* **SUPPLIED DATA**
• • •

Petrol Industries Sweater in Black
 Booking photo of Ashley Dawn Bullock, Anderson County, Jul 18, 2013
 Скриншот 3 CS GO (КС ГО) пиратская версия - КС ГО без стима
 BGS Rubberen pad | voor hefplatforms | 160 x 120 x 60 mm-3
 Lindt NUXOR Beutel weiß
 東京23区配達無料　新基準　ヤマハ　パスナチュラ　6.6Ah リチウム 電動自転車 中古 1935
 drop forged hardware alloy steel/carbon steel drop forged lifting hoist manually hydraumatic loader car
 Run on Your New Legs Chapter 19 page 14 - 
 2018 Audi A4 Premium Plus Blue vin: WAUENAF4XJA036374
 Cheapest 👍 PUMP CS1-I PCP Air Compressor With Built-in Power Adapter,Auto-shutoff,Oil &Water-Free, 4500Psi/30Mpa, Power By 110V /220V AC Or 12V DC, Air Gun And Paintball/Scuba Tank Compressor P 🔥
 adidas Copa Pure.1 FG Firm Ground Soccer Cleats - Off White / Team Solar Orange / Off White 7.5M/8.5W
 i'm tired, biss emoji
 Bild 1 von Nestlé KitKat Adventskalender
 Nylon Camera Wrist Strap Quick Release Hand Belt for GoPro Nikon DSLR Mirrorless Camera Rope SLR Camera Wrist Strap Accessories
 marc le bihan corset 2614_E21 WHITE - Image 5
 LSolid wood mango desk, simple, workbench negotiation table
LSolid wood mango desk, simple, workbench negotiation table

• • •

Precisely the line with "adidas Copa Pure.1" and the lines after it, up to the last line of the entries above, are to be reproduced, and nothing more.

* **ANSWER BELOW**
 adidas Copa Pure.1 FG Firm Ground Soccer Cleats - Off White / Team Solar Orange / Off White 7.5M/8.5W
 i'm tired, biss emoji
 Bild 1 von Nestlé KitKat Adventskalender
 Nylon Camera Wrist Strap Quick Release Hand Belt for GoPro Nikon DSLR Mirrorless Camera Rope SLR Camera Wrist Strap Accessories
 marc le bihan corset 2614_E21 WHITE - Image 5
 LSolid wood mango desk, simple, workbench negotiation table
LSolid wood mango desk, simple, workbench negotiation table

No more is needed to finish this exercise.